(Beginning of DATA FOR PROCESSING)
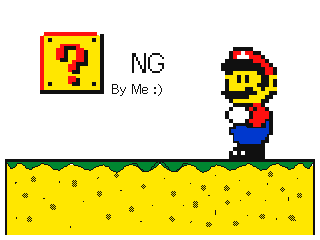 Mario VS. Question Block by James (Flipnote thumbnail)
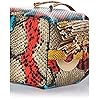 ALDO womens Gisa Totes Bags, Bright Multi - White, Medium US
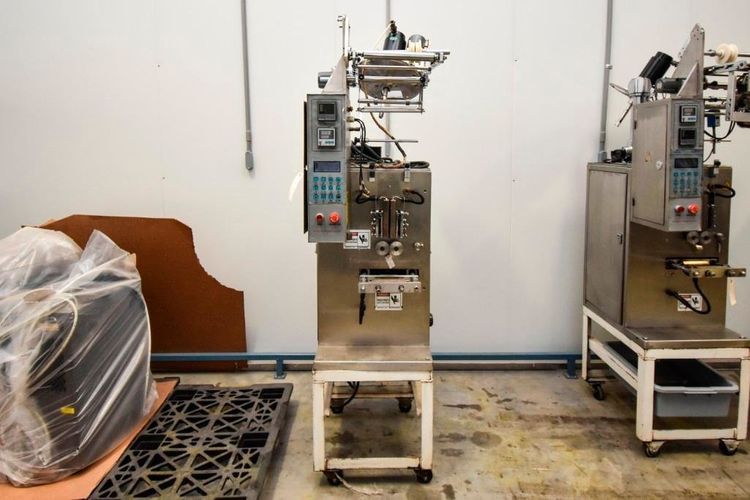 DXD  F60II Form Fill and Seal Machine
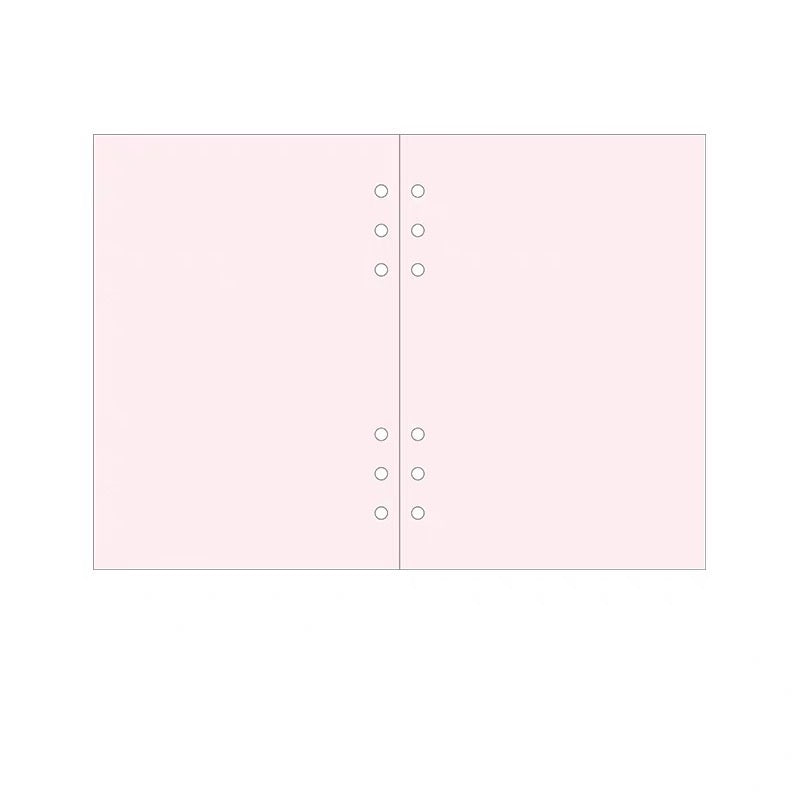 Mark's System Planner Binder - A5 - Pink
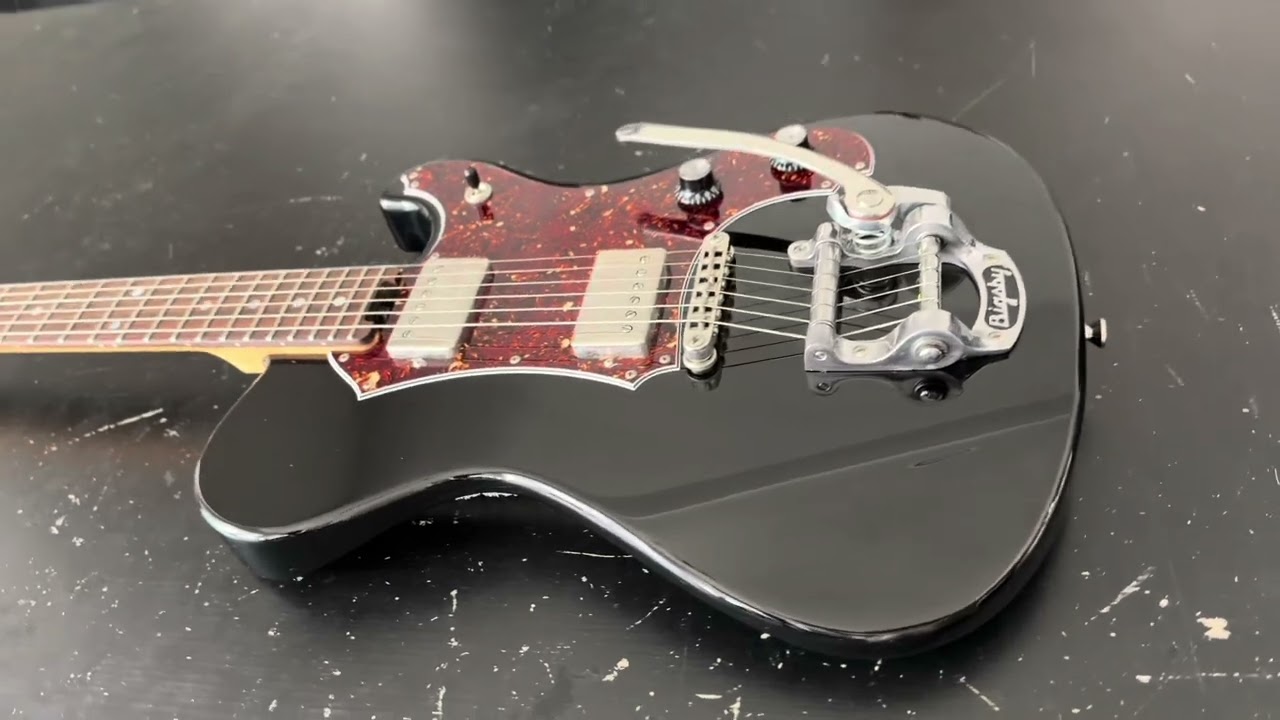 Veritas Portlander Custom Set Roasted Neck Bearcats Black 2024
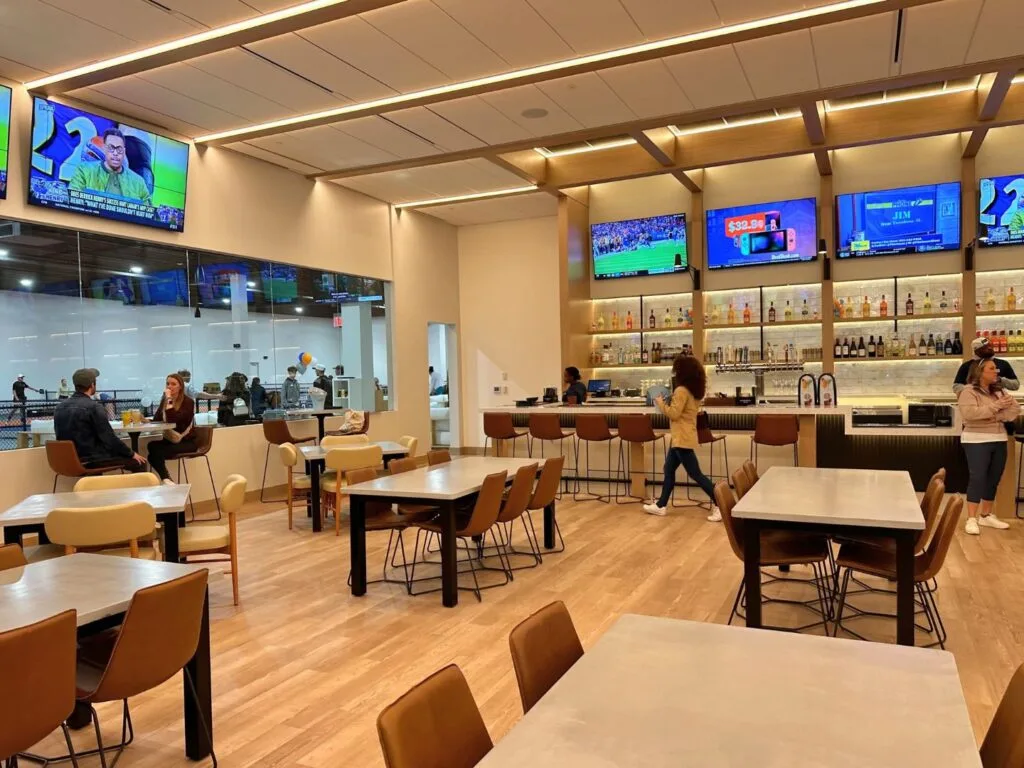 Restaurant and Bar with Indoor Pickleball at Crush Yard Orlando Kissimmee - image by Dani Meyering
(End of DATA FOR PROCESSING)
Output all of the data above exactly; no pictures should appear.

 Mario VS. Question Block by James (Flipnote thumbnail)
 ALDO womens Gisa Totes Bags, Bright Multi - White, Medium US
 DXD  F60II Form Fill and Seal Machine
 Mark's System Planner Binder - A5 - Pink
 Veritas Portlander Custom Set Roasted Neck Bearcats Black 2024
 Restaurant and Bar with Indoor Pickleball at Crush Yard Orlando Kissimmee - image by Dani Meyering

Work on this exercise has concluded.